Idée force, idée fixe dans ce parcours politique d’un demi-siècle : la France doit vivre en République. C’est aujourd’hui, une évidence. Mais sous la Restauration, le pays est monarchiste, modéré ou conservateur, les Français sont majoritairement paysans ou bourgeois, le socialisme n’est encore qu’une utopie, avant de faire peur… Thiers ne sera jamais républicain comme Hugo (qui le deviendra passionnément), mais comme le futur Gambetta, et c’est déjà beaucoup !
« Faisons donc la République, la République honnête, sage, conservatrice. »2060
(1797-1877), Manifeste de M. Thiers
Portraits historiques (1883), H. Draussin.
Louis Adolphe Thiers entre en politique. C’est un jeune avocat qui a fréquenté les milieux libéraux et collaboré au Constitutionnel. En janvier 1830, il crée un autre journal d’opposition (nuance orléaniste), Le National. Il défend une monarchie constitutionnelle de type anglais, si chère aux philosophes des Lumières : « Le roi n’administre pas, ne gouverne pas, il règne. » Grâce à quoi l’Angleterre a fait l’économie d’une révolution sanglante. Il s’oppose aux Doctrinaires pour qui « le trône n’est pas un fauteuil vide ». Ces débats politiques agitent l’opinion, jusqu’à la brève Révolution de 1830 et ses Trois Glorieuses (journées des 27, 28, 29 juillet). Fin du règne des Bourbons !
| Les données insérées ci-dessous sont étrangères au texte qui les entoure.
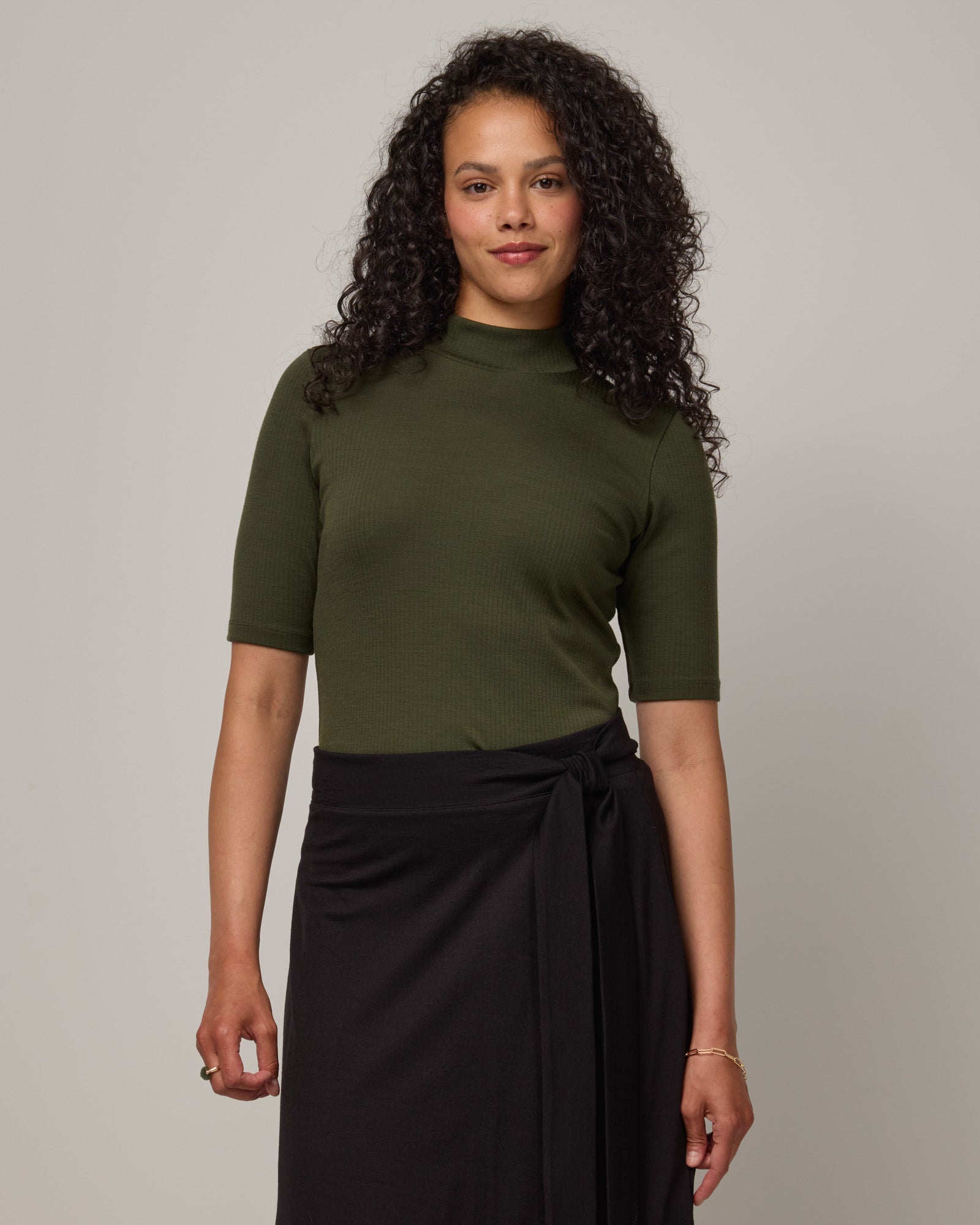 Model wearing Krystal Mock Neck Top in Forest Night, a dark forest green color. Krystal Mock Neck Top is a merino wool half-sleeve, mock-neck ribbed tee available in sizes XS-XXL.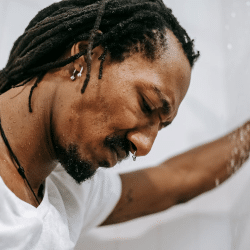 Crop frustrated black man standing in shower cabin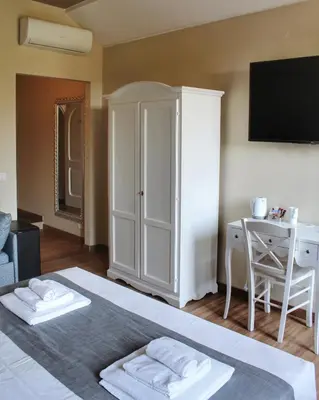 a bedroom with a bed and a desk and a television at Relais La Fornarina 2 in Rome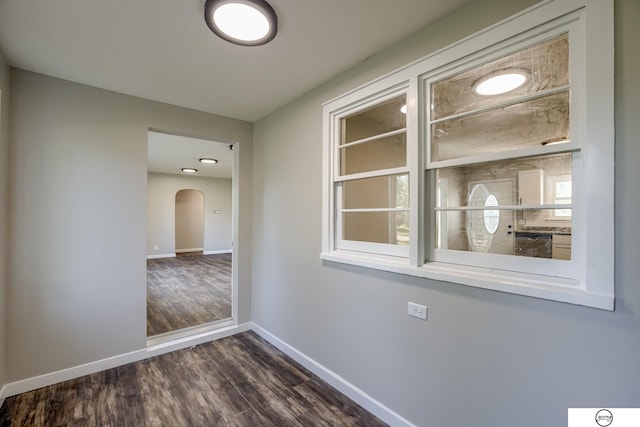 1801 Elk St, Beatrice, NE 68310 - corridor with baseboards, dark wood finished floors, and arched walkways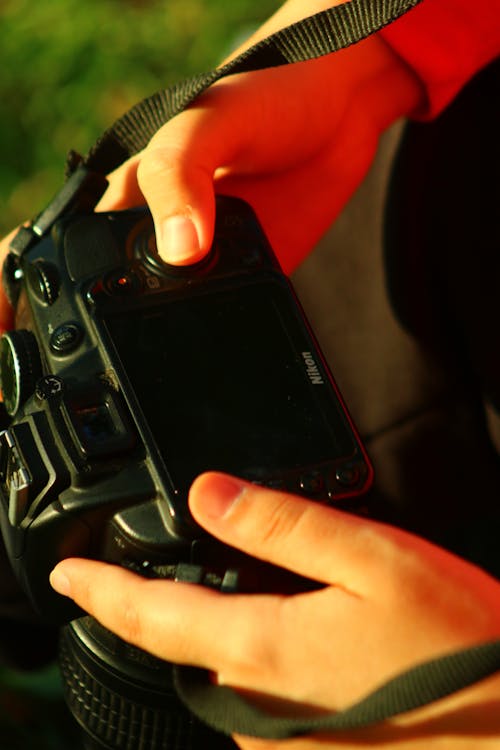 Person Holding Black Dslr Camera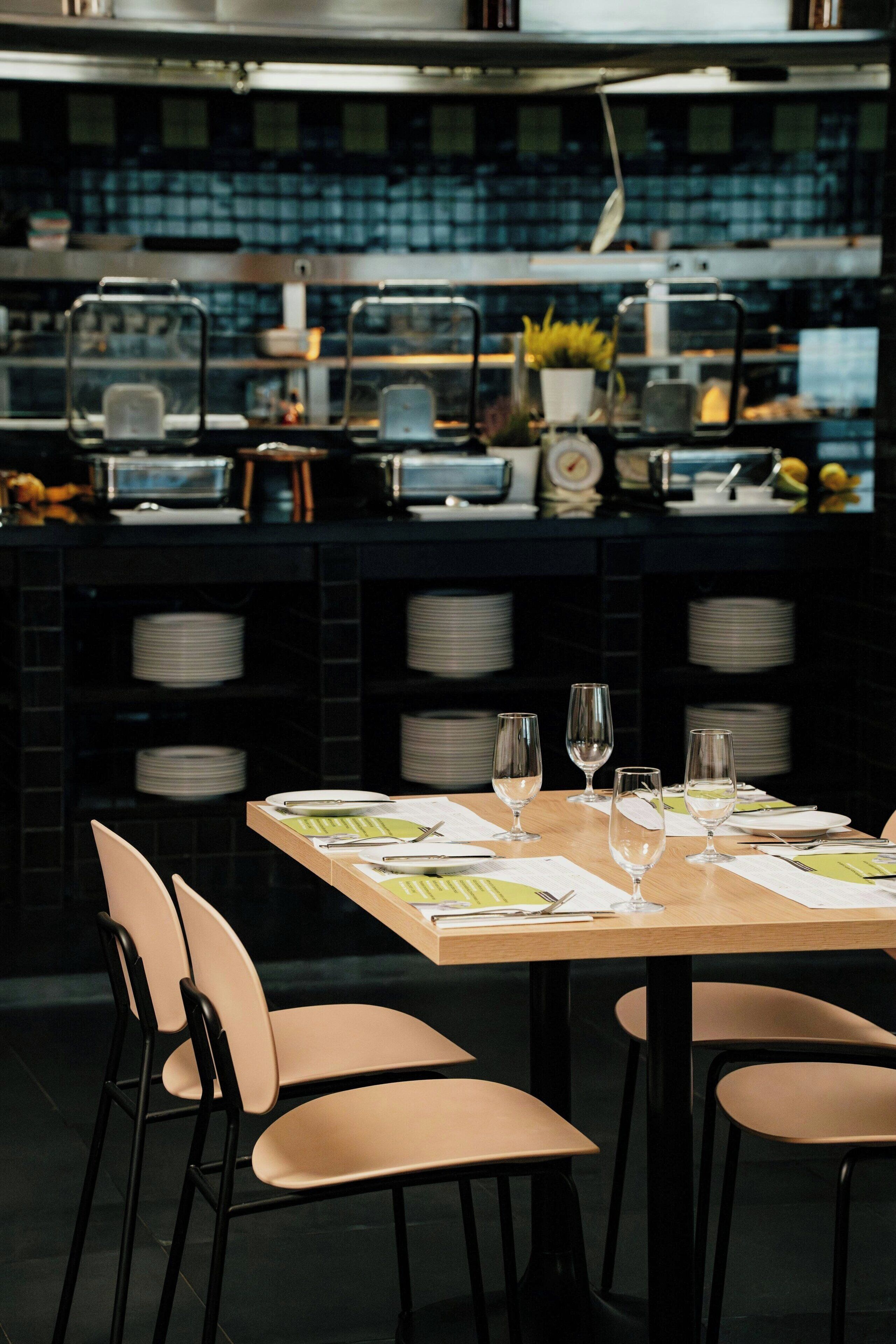 A restaurant with a wooden table set for dining, chairs, and a kitchen area in the background.
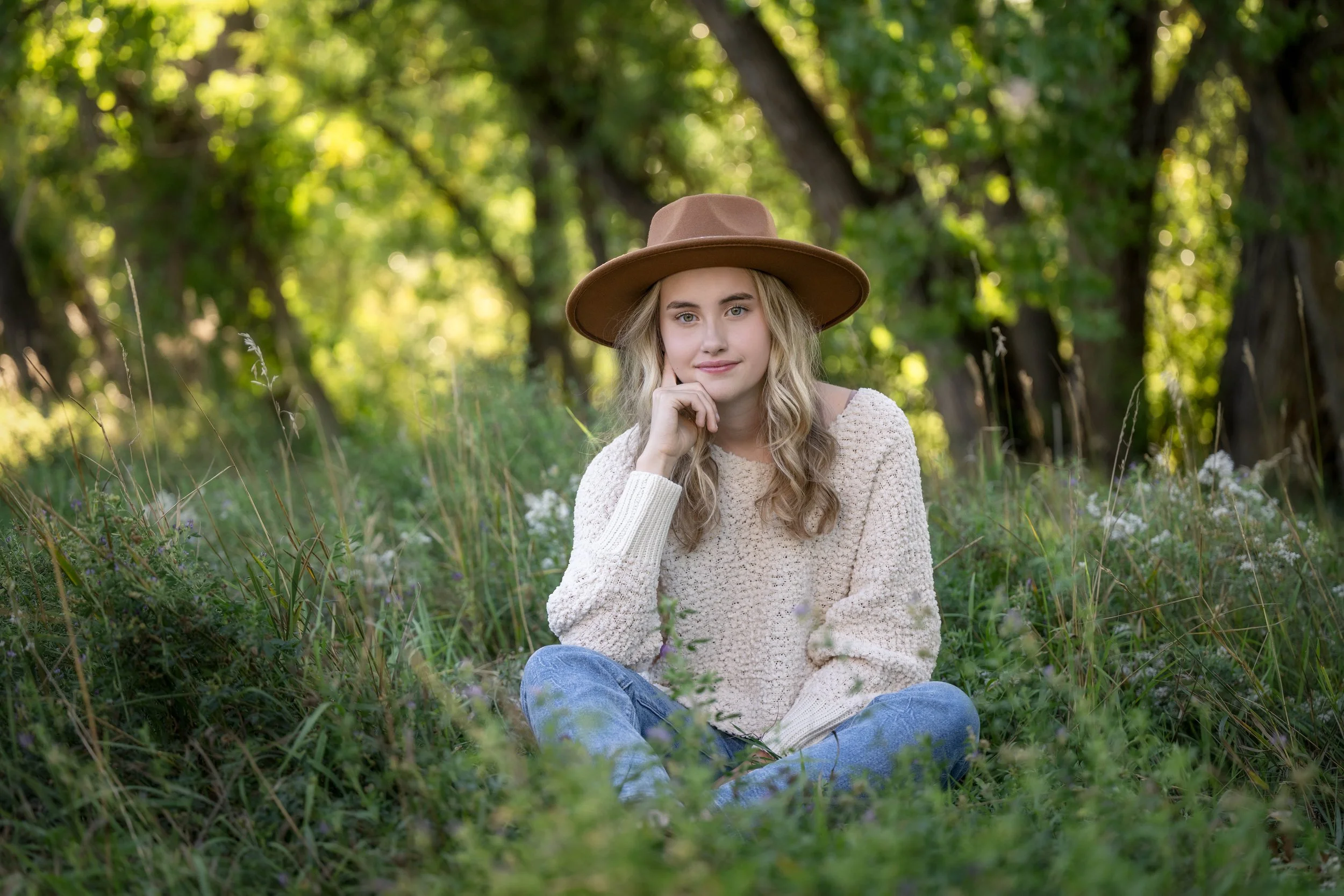 A young woman with blonde hair, wearing a beige sweater and a brown wide-brimmed hat, sitting cross-legged on the grass in a wooded area, resting her chin on her hand, surrounded by greenery and trees.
Très peu de morts. Mais la république est volée aux républicains par les orléanistes. La Charte revue et corrigée, approuvée le 7 août 1830 par une majorité de députés, reconnaît la liberté de la presse, l’abolition de la censure, l’initiative des lois à la Chambre, la suppression des justices d’exception, tandis que le catholicisme n’est plus religion d’État. On se retrouve quand même en monarchie.
Le 9 août, le duc d’Orléans prête serment sur la Charte et devient Louis-Philippe Ier, roi des Français (et non plus roi de France). Thiers va cautionner cette monarchie constitutionnelle, tout comme le très républicain La Fayette qui s’y est rallié. Ministre de Louis-Philippe à plusieurs reprises, Thiers tentera de sauver le régime en 1848.
« La République est le gouvernement qui nous divise le moins. »2201
Adolphe THIERS (1797-1877), Assemblée législative, 13 février 1850. Le parti de l’Ordre est au pouvoir et cette majorité satisfait ou rassure, sous cette Deuxième République qui a vécu des émeutes sanglantes, en 1848.
« Des amis de la vraie liberté, je dirai les vrais républicains, redoutent la multitude, la vile multitude qui a perdu toutes les républiques. »2205
Adolphe THIERS (1797-1877), Assemblée législative, 24 mai 1850. Il s’oppose ici à Hugo qui défend le suffrage universel (masculin). Lequel fait peur aux bourgeois et ne séduit guère les « intellectuels » - le peuple n‘est pas suffisamment éduqué pour donner des citoyens éclairés. Le suffrage universel et la manipulation de l’opinion vont d’ailleurs donner le pouvoir au futur Napoléon III.
« La République existe, elle est le gouvernement légal du pays, vouloir autre chose serait une nouvelle révolution et la plus redoutable de toutes. »2422
Adolphe THIERS (1797-1877), Discours de rentrée parlementaire, 13 novembre 1872. Vingt ans après, la France est (presque) prête à devenir républicaine. Le Président veut défendre « sa » République qui n’est toujours qu’un régime provisoire. Il assure que c’est « le régime qui nous divise le moins » (autre idée « opportuniste ») et met en garde les monarchistes, majoritaires de l’Assemblée.
« La République sera conservatrice ou elle ne sera pas. »2423
Adolphe THIERS (1797-1877), Discours de rentrée parlementaire, 13 novembre 1872. Fort de son autorité, Thiers veut rassurer le pays et pour faire la République, jouer l’alliance des républicains modérés et des orléanistes, contre les extrêmes : légitimistes ultras inconditionnels du drapeau blanc et nostalgiques de la Commune révolutionnaire. Le conflit va éclater quelques mois plus tard et il perdra la présidence au profit de Mac-Mahon, monarchiste et beaucoup plus conservateur.